3 comments to Psychiatric anosognosia

  • M

    It was indeed a very sad article. Most troubling was that even though her sister and daughter had sought to help her, they couldn’t save her from herself.

  • Interesting post. I agree with all of it except the idea that once we understand the underlying biology of (whatever might be called “psychiatric anosognosia”), it will become the subject of neurology. I do not see additional neurobiological insight as diminishing psychiatry. I think that the additional insight will expand psychiatry.

    For example, neurologists are apparently not interested in why people do not have insight into blood sugar levels, blood pressure, etc. Those remain the interests (and frustrations) of internists.
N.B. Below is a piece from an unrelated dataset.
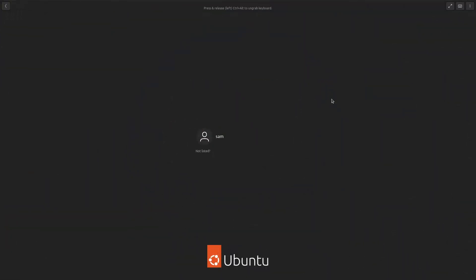Welcome back viewers. In today's video we are going to check out the Vanilla GNOME desktop, or the Vanilla GNOME session that was installed as a dependency when we installed the Ubuntu GNOME desktop. Let us start.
    Thanks for the interesting post.

    • Thanks for visiting (The Alienist is a fellow psychiatric blogger). As I see it, neurologists aren’t interested in lack of insight (or denial of illness) in diabetes or hypertension because there is no known neurological substrate. If one is discovered, they will be. In the meantime, minor denial is a frustration of internists, and gross denial comes to the attention of psychiatric consultants. See my post “Embracing psychiatric uncertainty” for historical examples of psychiatric diagnoses that were picked up by other specialties once the pathophysiology was known.